Task to carry out: Exactly as they appear, reproduce the lines from the one holding "Çarpışmamak için trafo binasına çarptılar" through the last line of the material below.

____ Information shown

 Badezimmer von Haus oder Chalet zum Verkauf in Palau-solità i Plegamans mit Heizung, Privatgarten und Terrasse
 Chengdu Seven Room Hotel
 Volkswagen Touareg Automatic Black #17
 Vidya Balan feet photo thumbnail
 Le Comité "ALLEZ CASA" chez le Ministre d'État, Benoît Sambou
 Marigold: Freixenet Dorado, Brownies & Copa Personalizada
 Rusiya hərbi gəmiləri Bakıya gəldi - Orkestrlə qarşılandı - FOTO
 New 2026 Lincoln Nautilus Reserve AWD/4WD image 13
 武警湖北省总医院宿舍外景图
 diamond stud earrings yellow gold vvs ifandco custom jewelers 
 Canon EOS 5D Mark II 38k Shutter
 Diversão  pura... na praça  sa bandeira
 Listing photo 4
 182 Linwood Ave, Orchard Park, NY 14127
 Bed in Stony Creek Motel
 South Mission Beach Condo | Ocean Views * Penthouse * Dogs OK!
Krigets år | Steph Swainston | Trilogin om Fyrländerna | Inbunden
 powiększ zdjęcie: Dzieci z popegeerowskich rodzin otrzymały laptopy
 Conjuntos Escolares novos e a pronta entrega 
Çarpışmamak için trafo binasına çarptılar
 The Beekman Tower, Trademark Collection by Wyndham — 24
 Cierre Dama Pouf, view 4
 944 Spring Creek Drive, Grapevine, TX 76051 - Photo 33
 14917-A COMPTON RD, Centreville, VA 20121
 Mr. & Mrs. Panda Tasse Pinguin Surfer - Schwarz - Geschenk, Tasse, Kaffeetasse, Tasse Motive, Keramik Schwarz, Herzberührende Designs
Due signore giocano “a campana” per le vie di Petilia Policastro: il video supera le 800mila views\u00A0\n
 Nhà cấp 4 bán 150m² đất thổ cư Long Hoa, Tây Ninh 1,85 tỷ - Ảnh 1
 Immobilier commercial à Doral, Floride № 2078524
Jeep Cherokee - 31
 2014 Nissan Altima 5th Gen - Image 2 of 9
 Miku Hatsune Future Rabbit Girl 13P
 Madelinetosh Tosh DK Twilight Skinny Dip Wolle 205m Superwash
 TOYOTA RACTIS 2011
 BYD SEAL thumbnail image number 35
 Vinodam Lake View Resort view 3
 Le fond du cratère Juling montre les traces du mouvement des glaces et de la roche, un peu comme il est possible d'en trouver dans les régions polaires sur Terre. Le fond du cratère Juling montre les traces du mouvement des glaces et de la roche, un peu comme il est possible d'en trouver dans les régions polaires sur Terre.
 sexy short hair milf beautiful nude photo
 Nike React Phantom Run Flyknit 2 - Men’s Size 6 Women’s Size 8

________

Finished exercise:
Çarpışmamak için trafo binasına çarptılar
 The Beekman Tower, Trademark Collection by Wyndham — 24
 Cierre Dama Pouf, view 4
 944 Spring Creek Drive, Grapevine, TX 76051 - Photo 33
 14917-A COMPTON RD, Centreville, VA 20121
 Mr. & Mrs. Panda Tasse Pinguin Surfer - Schwarz - Geschenk, Tasse, Kaffeetasse, Tasse Motive, Keramik Schwarz, Herzberührende Designs
Due signore giocano “a campana” per le vie di Petilia Policastro: il video supera le 800mila views\u00A0\n
 Nhà cấp 4 bán 150m² đất thổ cư Long Hoa, Tây Ninh 1,85 tỷ - Ảnh 1
 Immobilier commercial à Doral, Floride № 2078524
Jeep Cherokee - 31
 2014 Nissan Altima 5th Gen - Image 2 of 9
 Miku Hatsune Future Rabbit Girl 13P
 Madelinetosh Tosh DK Twilight Skinny Dip Wolle 205m Superwash
 TOYOTA RACTIS 2011
 BYD SEAL thumbnail image number 35
 Vinodam Lake View Resort view 3
 Le fond du cratère Juling montre les traces du mouvement des glaces et de la roche, un peu comme il est possible d'en trouver dans les régions polaires sur Terre. Le fond du cratère Juling montre les traces du mouvement des glaces et de la roche, un peu comme il est possible d'en trouver dans les régions polaires sur Terre.
 sexy short hair milf beautiful nude photo
 Nike React Phantom Run Flyknit 2 - Men’s Size 6 Women’s Size 8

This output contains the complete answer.